AVP, Site Reliability Engineer (Core Banking), Group Consumer Banking and Big Data Analytics Technology, Technology & Operations
Business Function Group Technology and Operations (T&O) enables and empowers the bank with an efficient, nimble and resilient infrastructure through a strategic focus on productivity, quality & control, technology, people capability and innovation. In Group T&O, we manage the majority of the Bank's operational processes and inspire to delight our business partners through our multiple banking delivery channels. Key Accountabilities
- Build and maintain Production monitoring and automation solutions
- Automation of manual tasks in a CORE Banking ecosystem
- Implement Site Reliability Engineering principles with regards to performance, reliability, monitoring, alerting and maintenance in Production environment
- Capacity monitoring & Observability of production Infrastructure, automated alerting, performance monitoring and reporting tools
- Build and implement Service improvements and Machine Learning models
- Manage identified Production applications, identify, measure and report performance trends and KPIs periodically - report SLI, SLO, SLA measures and improve systems performance and associated performance KPIs
- Production systems performance and KPIs monitoring
- Deployment automation an allied improvement
- Conceptualize, design, develop and maintain production monitoring and Machine Learning based predictive automation solutions/ applications in a CORE Banking Production environment.

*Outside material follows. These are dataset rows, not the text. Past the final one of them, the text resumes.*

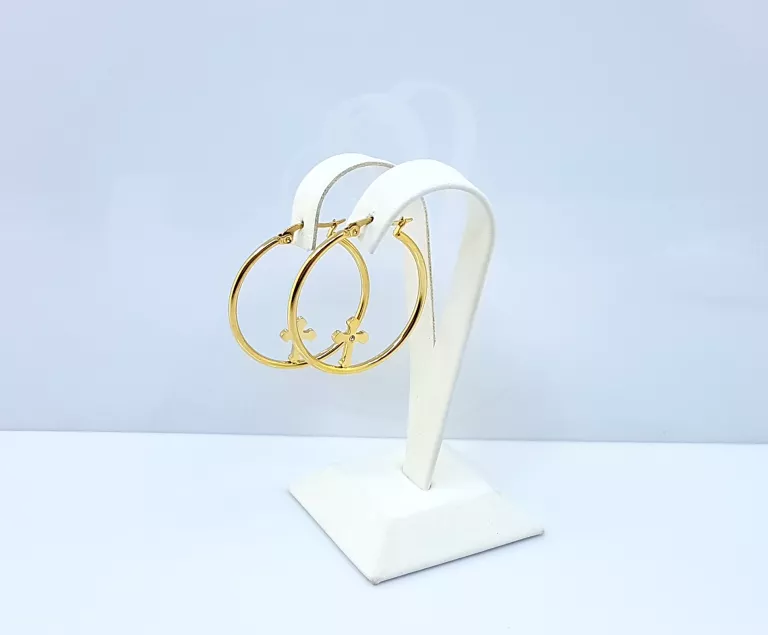 KOLCZYKI STAL POZŁACANA KOŁA Z KRZYŻEM OZDOBNYM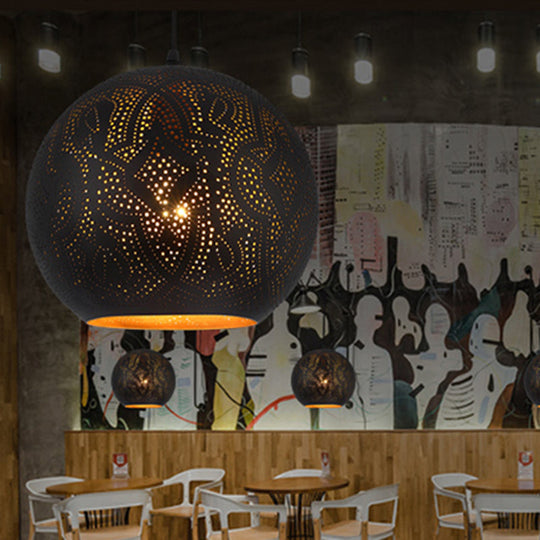 Metallic Pendulum Art Deco Etched Sphere Lamp Kit - 5/8 Width Black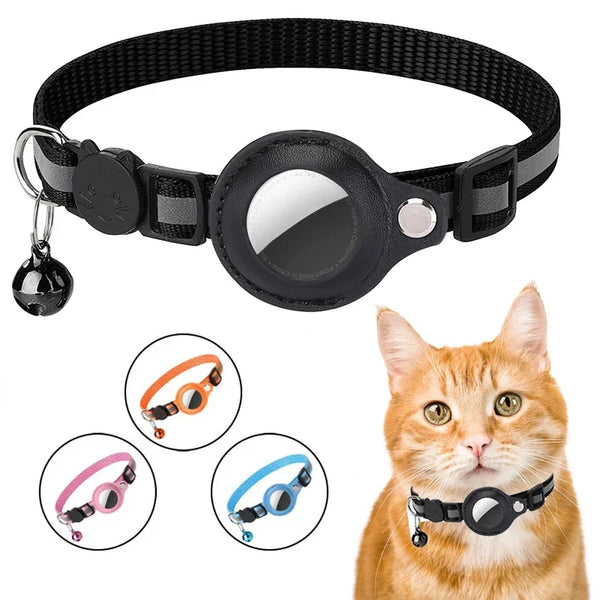 Anti-Lost Cat Collar For Airtag Tracker Protective Case With Bell Breakaway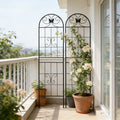 2 Pack Metal Garden Trellis 71' x 19.7' Rustproof Trellis for Climbing Plants Outdoor Flower Support Black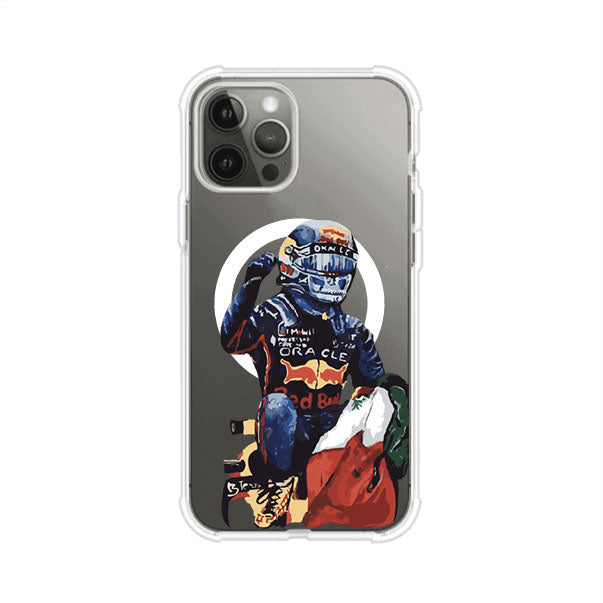 Funda para iPhone con ilustración de Checo Pérez, diseño Red Bull Racing, estilo artístico – Remark Mx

- Production automation. Automation of manual activities /processes for Production teams.
- SRE. Implement Site Reliability Engineering principles regarding performance, reliability, monitoring, alerting in Production environment
- Capacity monitoring & Observability of production Infrastructure, automated alerting, performance monitoring and reporting tools. Conduct periodic review of system performance for capacity planning and identification of system improvements
- Build, monitor and maintain Machine Learning models from scratch.
- Develop auto-healing solutions in production environment to enable efficient and timely service restorations of critical processes by auto-escalation of incidents, non-performant KPIs and underlying remedial actions
- Data handling - ingestion, cleansing, storage, visualization, monitoring & alerting and analytics
- Data analysis to find patterns in data using tools and coming up with optimum solutions that are predictive and provides insights
- Build and implement Service improvements. Identify, measure and report performance trends - SLIs/ SLOs/ SLAs periodically and improve systems performance and associated performance KPIs
- Production batch and incidents trending and measuring systems performance against KPIs
- Automation of system health check and monitoring of production system SLIs and SLOs to ensure SLA is met
- Provide continuous monitoring and improvement of systems - job automation, performance tuning, capacity planning.

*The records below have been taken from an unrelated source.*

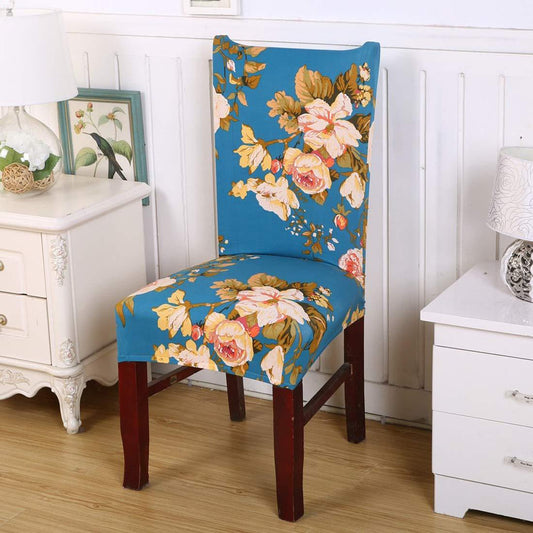 Printed Elastic Chair Cover - Blue Flower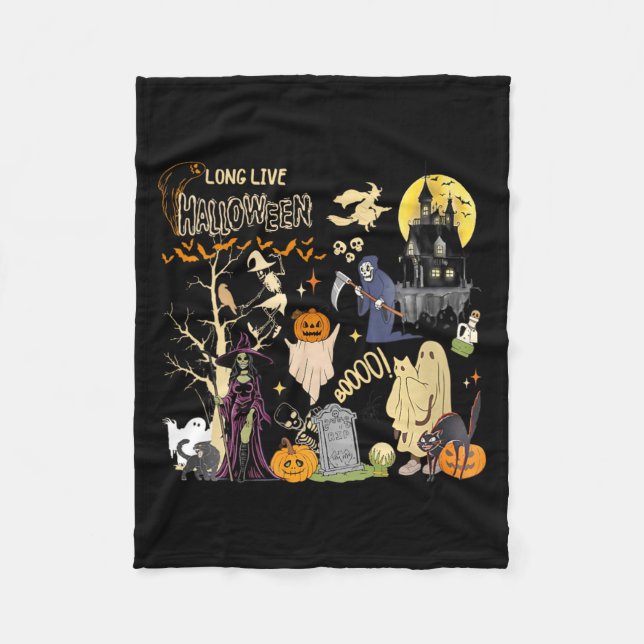 Womens Long Live Halloween Black Cat Poison Witch Fleece Blanket (Front)
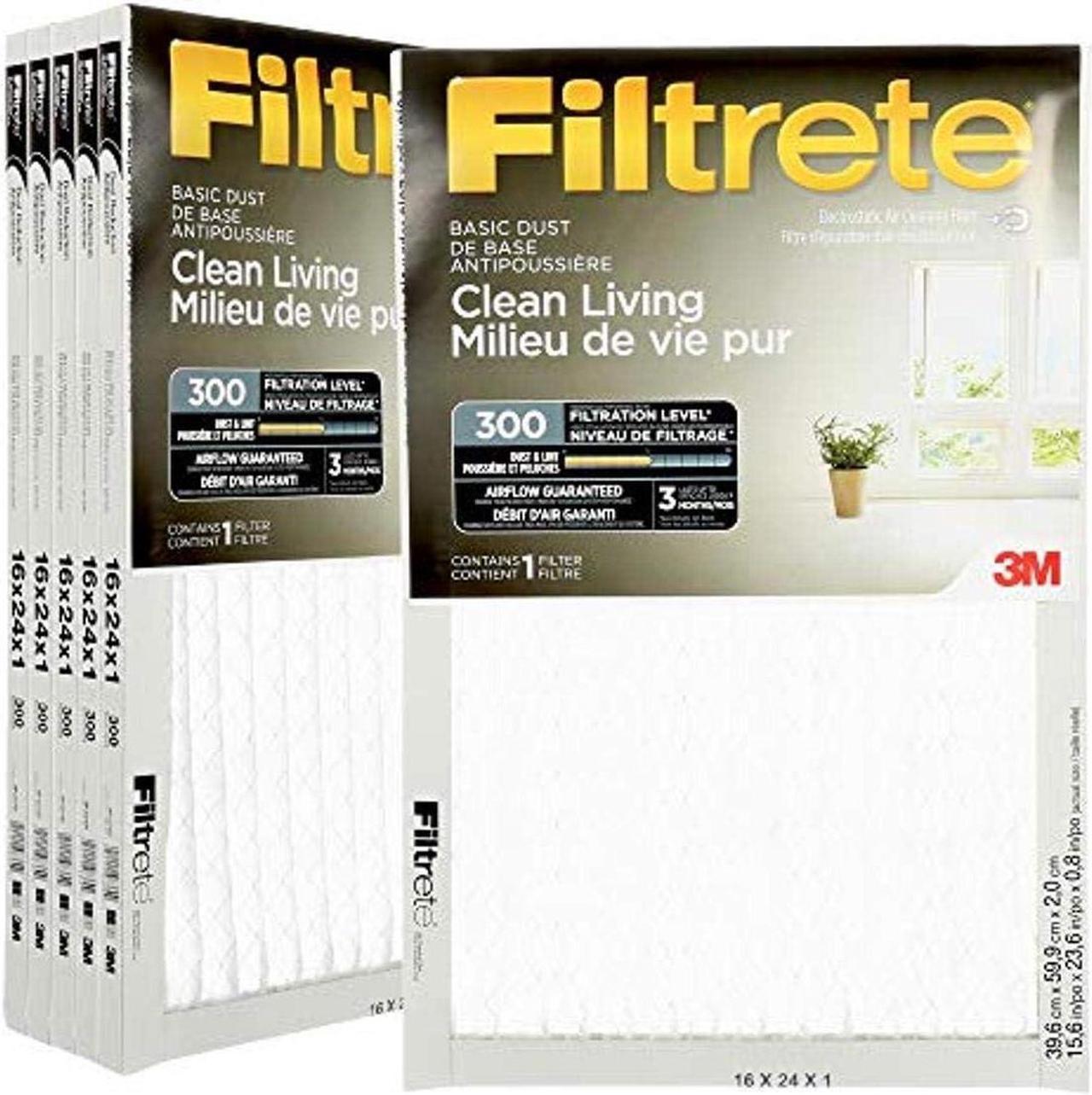 Filtrete 16x24x1 Furnace Filter, MPR 300, MERV 5, Clean Living Basic Dust 3-Month Pleated 1-Inch Air Filters, 6 Filters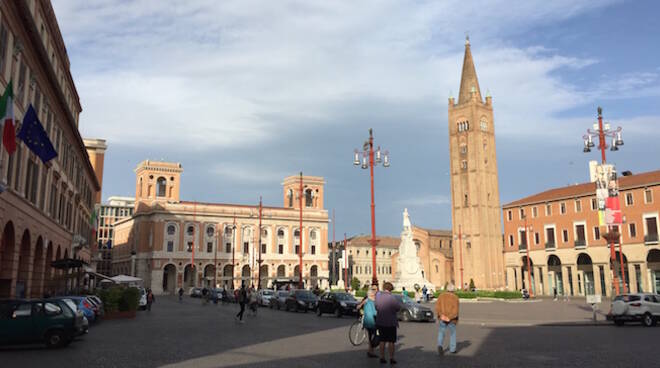 Piazza Saffi a Forlì, uno dei luoghi simbolo del centro storico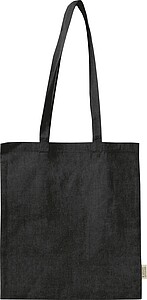 Cotton bag with long handles made from recycled cotton and RPET, black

- Identify persistent or recurring problems and recommend creative solutions.
- Communicate proactively and provide regular update to the stakeholders. Proven ability to communicate with peers and mentor junior developers.
- Ensure Preventive and detective measures of the applications are identified and implemented.

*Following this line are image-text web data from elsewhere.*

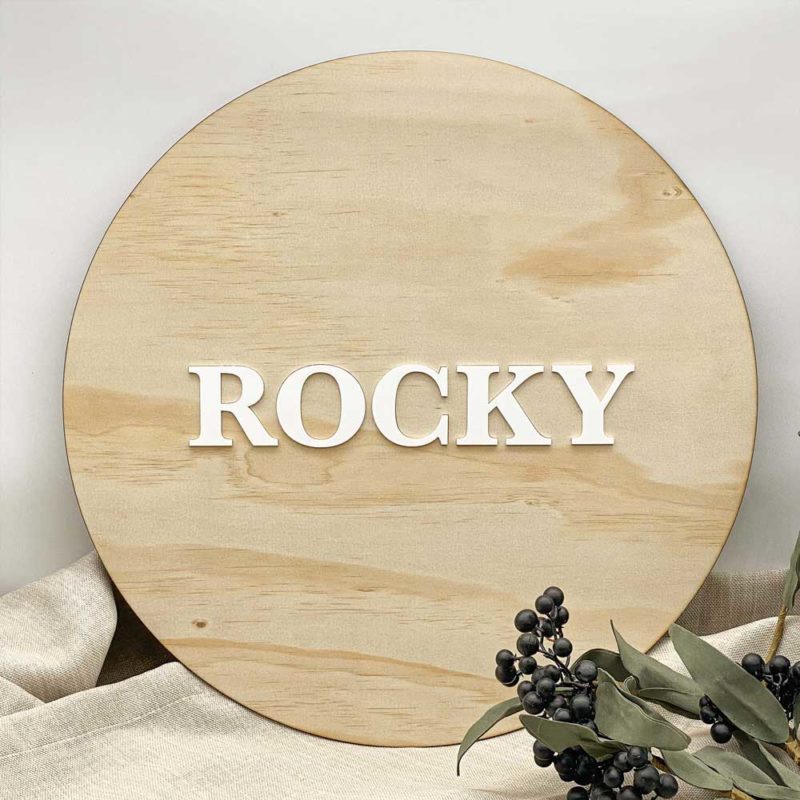 Round Timber Name Plaque
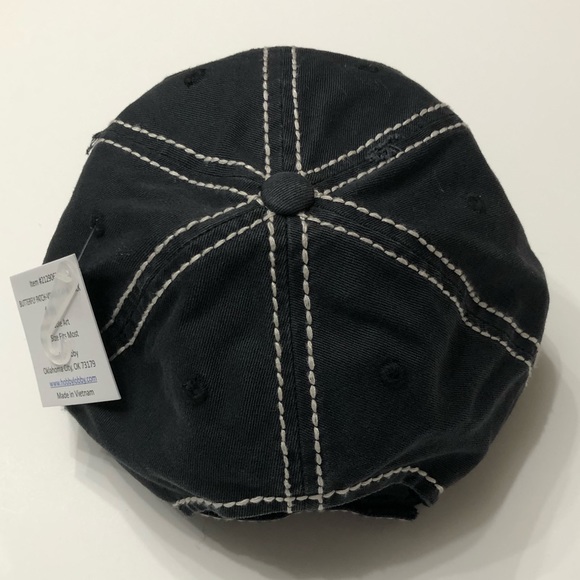 Womens distressed butterfly baseball cap - Picture 4 of 6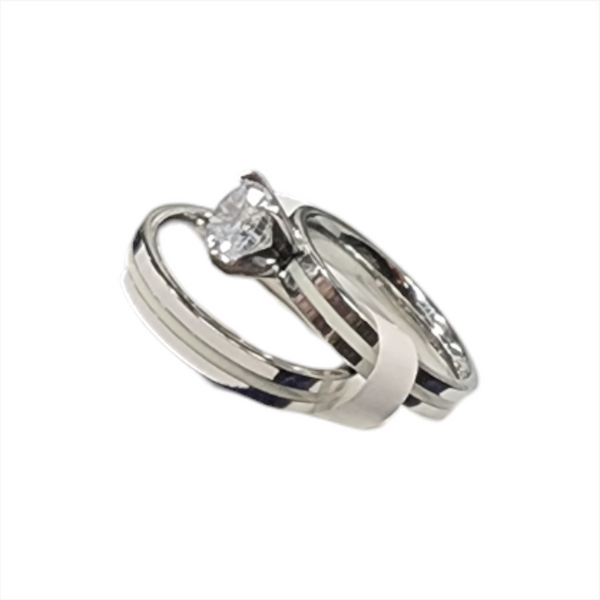 Anillo Doble Plateado Mujer Acero Quirurgico S/Estuche 7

- 6 - 12 years of total IT experience in SRE and Production automation experience in a Banking and Financial services environment. Experience gained in the SRE team, a good understanding of SRE concepts and principles regarding performance, reliability, monitoring, alerting.
- 3+ years of experience in a professional production environment.as a developer in Python & allied libraries like Pandas/ Matplotlib/ Seaborn/Scikit-learn.
- Proven ability of having conceptualised, developed and implemented 2 end-to-end Predictive Machine Learning models using algorithms like Regression, Decision Trees/ Random Forest, Bagging and Boosting algorithms, Unsupervised learning algorithms, Time-series etc. in a production environment.
- Proven ability to have implemented/ conceptualized/ maintained an ELK based (or equivalent central logging/ monitoring/ predictive applications) in production environment would be an added advantage.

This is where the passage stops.